Выберите параметры алгоритма. Укажите на отчетной странице, какие параметры вы использовали и почему. В частности, обязательно укажите, откуда Вы взяли данные для параметра Topology (N-ter).
- Запустите алгоритм. Сохраните полученную модель, а также выданную программой информацию о координатах трансмембранных участков в белке.
Напишите в отчете, какой белок был вам выдан (название, перевод его на русский язык, идентификатор SwissProt).
Полученные сервером PPM параметры приведите на сайте в виде таблицы (список параметров см. в задании 1).
Получите изображение трехмерной структуры белка с указанием границ гидрофобного слоя мембраны. Приведите изображение на странице с подписью и обязательным указанием, как показана какая сторона мембраны.

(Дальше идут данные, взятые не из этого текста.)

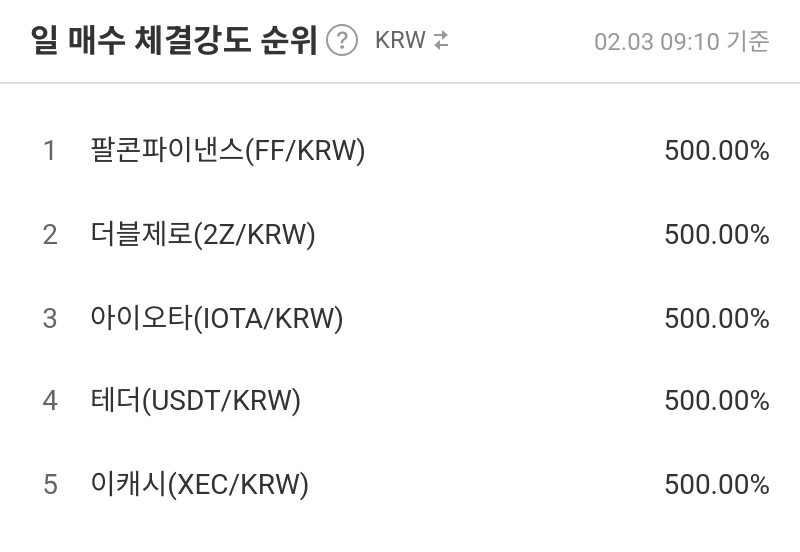 일 매수 체결강도 순위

4. Сравнение алгоритмов предсказания трансмембранных участков
На качественном уровне опишите, насколько совпадают результаты программы DeepTMHMM со структурной информацией из БД OPM (и предсказанием сервера PPM) (результаты задания №2 vs №1 и №3). Есть ли спирали/тяжи, полностью "не замеченные" предсказывающей программой или, наоборот, лишние предсказания?
Модель вашего белка в БД Uniprot имеет легенду с оценкой качества предсказания в разных участках полученной структуры. Опишите качество предсказания: какие участки белка предсказаны достоверно, а какие нет? Как можно оценить предсказание в целом? Если это необходимо, приведите в отчете изображение модели с легендой. Ответьте в отчете на вопрос: могла ли достоверность модели оказать влияние на результаты предсказания сервера PPM? Ответ обоснуйте.
5*. База данных TCDB (необязательное задание)
Поищите в БД TCDB выданный вам белок и белок, который вы выбрали в задании №1 (искать нужно по идентификатору Uniprot, причем AC, а не ID: например, P0A910, а не OMPA_ECOLI). В OPM есть прямые ссылки на TCDB.
Если они не обнаружены, опишите как вы искали и результат. Если какой-то белок обнаружен, посмотрите, что означают цифры его TC-кода. Переведите сведения на русский язык и представьте на отчетной странице.